Par Elena Calistru

La résistance de l’architecture économique de l’Europe a été mise à l’épreuve par les crises récentes, et ce sont les citoyens ordinaires qui ont supporté la charge la plus lourde. Notre avis intitulé «Sortir des crises» propose un modèle économique qui protège les personnes et les entreprises, plutôt que de les exposer aux perturbations économiques.

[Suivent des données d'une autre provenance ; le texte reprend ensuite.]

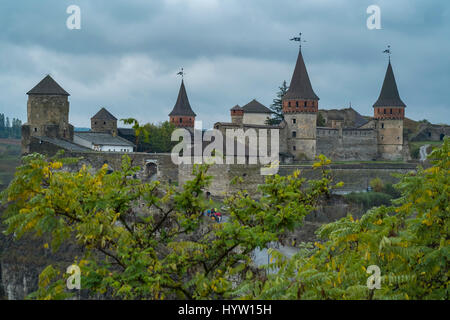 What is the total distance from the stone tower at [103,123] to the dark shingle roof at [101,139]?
4146 mm

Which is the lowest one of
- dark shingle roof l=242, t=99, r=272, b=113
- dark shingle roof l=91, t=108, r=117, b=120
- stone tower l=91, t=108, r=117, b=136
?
stone tower l=91, t=108, r=117, b=136

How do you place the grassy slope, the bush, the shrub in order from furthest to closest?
the grassy slope
the bush
the shrub

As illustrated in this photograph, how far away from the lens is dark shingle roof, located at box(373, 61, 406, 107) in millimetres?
64188

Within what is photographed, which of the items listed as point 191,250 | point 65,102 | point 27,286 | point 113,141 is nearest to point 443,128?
point 113,141

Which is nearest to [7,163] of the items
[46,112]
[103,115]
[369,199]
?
[103,115]

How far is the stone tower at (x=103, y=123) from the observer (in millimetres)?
57316

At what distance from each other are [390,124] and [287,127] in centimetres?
1292

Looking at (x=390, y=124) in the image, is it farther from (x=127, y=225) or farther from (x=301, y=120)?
(x=127, y=225)

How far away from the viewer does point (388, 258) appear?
768 cm

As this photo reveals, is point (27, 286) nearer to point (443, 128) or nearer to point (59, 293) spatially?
point (59, 293)

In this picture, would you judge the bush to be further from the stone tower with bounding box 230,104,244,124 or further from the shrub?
the stone tower with bounding box 230,104,244,124

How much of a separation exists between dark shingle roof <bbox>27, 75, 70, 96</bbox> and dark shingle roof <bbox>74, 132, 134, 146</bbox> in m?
5.61

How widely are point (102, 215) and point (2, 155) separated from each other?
68.3m

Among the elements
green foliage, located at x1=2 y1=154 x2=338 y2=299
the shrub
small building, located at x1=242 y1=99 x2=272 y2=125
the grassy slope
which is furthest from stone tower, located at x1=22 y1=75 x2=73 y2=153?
green foliage, located at x1=2 y1=154 x2=338 y2=299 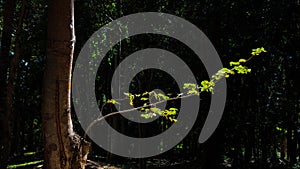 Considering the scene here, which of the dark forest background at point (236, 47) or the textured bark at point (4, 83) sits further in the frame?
the dark forest background at point (236, 47)

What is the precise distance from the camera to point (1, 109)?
26.1 ft

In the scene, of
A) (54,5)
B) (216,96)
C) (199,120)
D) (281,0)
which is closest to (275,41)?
(281,0)

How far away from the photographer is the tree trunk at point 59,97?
1.80 metres

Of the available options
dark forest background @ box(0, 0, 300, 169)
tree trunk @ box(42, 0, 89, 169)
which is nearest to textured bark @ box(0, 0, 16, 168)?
dark forest background @ box(0, 0, 300, 169)

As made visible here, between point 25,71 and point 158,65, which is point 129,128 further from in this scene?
point 158,65

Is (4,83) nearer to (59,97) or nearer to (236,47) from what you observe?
(59,97)

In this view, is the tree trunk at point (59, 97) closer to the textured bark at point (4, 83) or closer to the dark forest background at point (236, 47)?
the textured bark at point (4, 83)

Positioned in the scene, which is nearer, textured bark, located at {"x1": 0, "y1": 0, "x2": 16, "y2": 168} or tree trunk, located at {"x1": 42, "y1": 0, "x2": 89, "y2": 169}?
tree trunk, located at {"x1": 42, "y1": 0, "x2": 89, "y2": 169}

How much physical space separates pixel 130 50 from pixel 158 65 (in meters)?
1.76

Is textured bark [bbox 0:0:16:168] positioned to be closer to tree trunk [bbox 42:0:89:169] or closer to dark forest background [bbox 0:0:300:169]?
dark forest background [bbox 0:0:300:169]

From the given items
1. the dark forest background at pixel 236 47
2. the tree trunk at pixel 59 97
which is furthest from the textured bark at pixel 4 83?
the tree trunk at pixel 59 97

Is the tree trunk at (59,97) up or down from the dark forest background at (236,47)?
down

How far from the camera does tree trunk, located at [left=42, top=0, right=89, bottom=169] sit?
1796 millimetres

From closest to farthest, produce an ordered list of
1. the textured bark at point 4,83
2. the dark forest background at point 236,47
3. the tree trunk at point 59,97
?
the tree trunk at point 59,97, the textured bark at point 4,83, the dark forest background at point 236,47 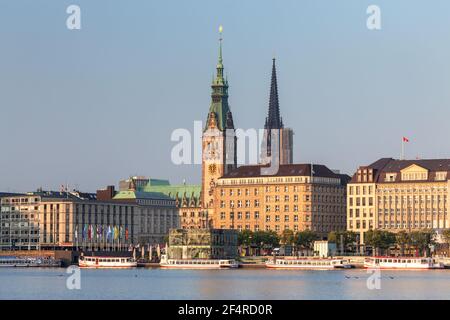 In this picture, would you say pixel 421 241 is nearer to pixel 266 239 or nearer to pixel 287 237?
pixel 287 237

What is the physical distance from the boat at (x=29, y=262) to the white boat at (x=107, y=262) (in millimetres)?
6374

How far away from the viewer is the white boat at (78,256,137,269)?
174125 mm

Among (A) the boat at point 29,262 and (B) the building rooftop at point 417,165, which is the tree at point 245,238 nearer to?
(B) the building rooftop at point 417,165

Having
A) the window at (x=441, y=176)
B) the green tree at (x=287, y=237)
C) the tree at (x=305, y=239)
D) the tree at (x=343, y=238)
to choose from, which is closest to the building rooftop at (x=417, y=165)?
the window at (x=441, y=176)

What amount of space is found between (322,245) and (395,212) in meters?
17.9

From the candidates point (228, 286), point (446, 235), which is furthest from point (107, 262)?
point (228, 286)

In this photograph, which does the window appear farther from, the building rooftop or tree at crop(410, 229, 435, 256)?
tree at crop(410, 229, 435, 256)

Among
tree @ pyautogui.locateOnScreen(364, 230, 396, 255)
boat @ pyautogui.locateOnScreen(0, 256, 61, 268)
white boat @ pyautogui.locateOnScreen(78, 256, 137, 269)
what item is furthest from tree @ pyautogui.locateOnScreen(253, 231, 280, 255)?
boat @ pyautogui.locateOnScreen(0, 256, 61, 268)

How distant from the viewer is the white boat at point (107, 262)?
174125mm

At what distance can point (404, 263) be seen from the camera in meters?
161

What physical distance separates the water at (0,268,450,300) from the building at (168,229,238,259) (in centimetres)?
2901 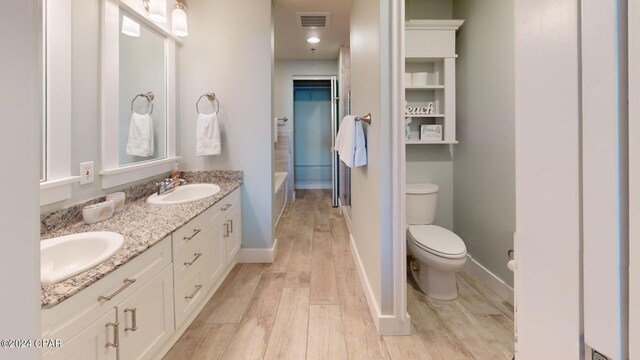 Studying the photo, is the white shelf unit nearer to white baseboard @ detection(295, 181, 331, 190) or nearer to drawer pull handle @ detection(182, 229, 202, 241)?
drawer pull handle @ detection(182, 229, 202, 241)

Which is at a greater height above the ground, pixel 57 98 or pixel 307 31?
pixel 307 31

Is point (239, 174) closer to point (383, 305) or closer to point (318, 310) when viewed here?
point (318, 310)

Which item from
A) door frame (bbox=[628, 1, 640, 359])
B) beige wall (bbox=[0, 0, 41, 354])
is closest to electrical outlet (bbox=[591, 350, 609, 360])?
door frame (bbox=[628, 1, 640, 359])

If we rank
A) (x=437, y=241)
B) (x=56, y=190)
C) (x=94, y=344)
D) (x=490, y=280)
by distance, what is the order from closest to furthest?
(x=94, y=344)
(x=56, y=190)
(x=437, y=241)
(x=490, y=280)

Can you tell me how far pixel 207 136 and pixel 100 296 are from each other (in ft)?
5.77

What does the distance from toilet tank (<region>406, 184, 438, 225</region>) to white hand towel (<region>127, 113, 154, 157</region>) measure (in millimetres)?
2026

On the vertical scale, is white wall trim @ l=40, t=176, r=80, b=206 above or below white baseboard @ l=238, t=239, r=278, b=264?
above

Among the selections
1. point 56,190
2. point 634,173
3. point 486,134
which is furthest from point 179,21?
point 634,173

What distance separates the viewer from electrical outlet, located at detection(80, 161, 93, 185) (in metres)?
1.58

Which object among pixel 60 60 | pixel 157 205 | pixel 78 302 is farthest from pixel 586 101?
pixel 157 205

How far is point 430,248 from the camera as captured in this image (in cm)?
203

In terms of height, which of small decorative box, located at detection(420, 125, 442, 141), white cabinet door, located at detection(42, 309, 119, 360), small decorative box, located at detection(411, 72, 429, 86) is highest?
small decorative box, located at detection(411, 72, 429, 86)

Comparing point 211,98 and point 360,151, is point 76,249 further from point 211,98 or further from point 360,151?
point 211,98

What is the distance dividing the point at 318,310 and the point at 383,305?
474 mm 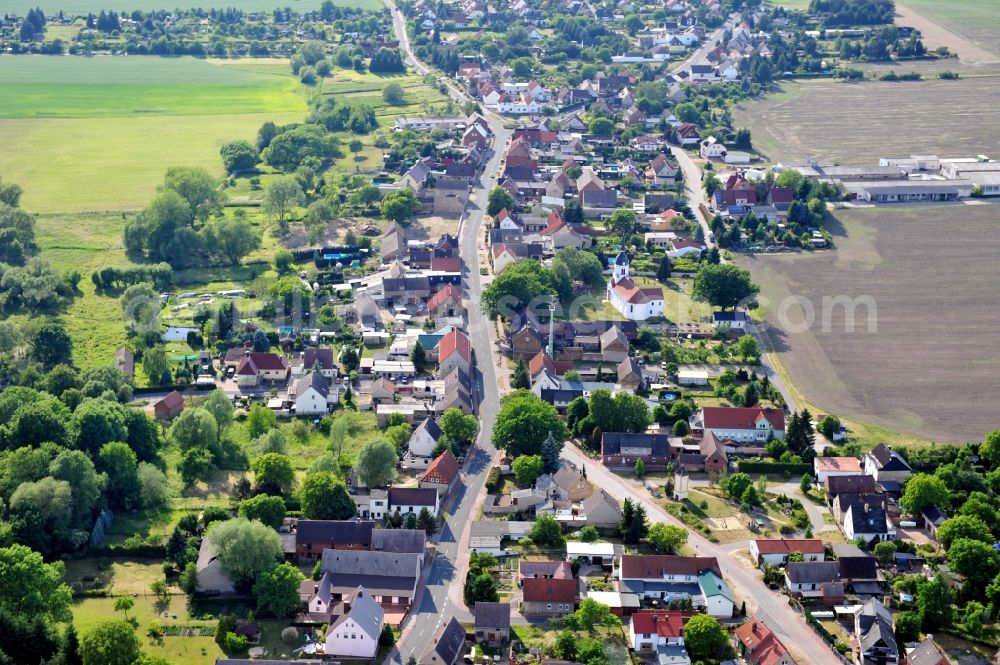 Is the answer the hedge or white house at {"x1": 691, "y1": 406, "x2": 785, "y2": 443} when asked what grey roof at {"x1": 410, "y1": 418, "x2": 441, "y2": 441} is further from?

Trois enjeux économiques se dégagent:

Tout d’abord, les prévisions économiques doivent évoluer d’une analyse rétrospective à une intervention prédictive. L’inflation touche le panier de la ménagère avant les tableaux de bord économiques. Nous avons besoin de systèmes de détection précoce sophistiqués qui repèrent les goulets d’étranglement dans l’approvisionnement et les anomalies au niveau de la transmission des prix avant qu’ils ne se traduisent par des factures de chauffage impayables et des denrées alimentaires inabordables. Les ménages les plus sensibles aux chocs économiques sont précisément ceux qui ont le moins de capacités à les absorber — cette réalité requiert de cartographier les vulnérabilités de façon détaillée, afin d’assurer une protection ciblée.

Deuxièmement, la capacité budgétaire doit passer d’une réaction d’urgence à une stabilisation intégrée. NextGenerationEU était un instrument impressionnant, mais improvisé. Des mécanismes permanents de stabilisation budgétaire placés sous la vigilance de la société civile garantiraient que les réponses aux crises protègent les personnes les plus menacées. Lorsque la gouvernance économique ne tient pas compte des effets sur la répartition, la pression sociale qui en résulte nuit à la résilience que nous cherchons pourtant à renforcer. Les mesures de conditionnalité sociale des financements de l’Union ne devraient pas être considérées comme des obstacles bureaucratiques: elles pourraient garantir que la croissance économique se traduise par une amélioration du niveau de vie de l’ensemble de la population.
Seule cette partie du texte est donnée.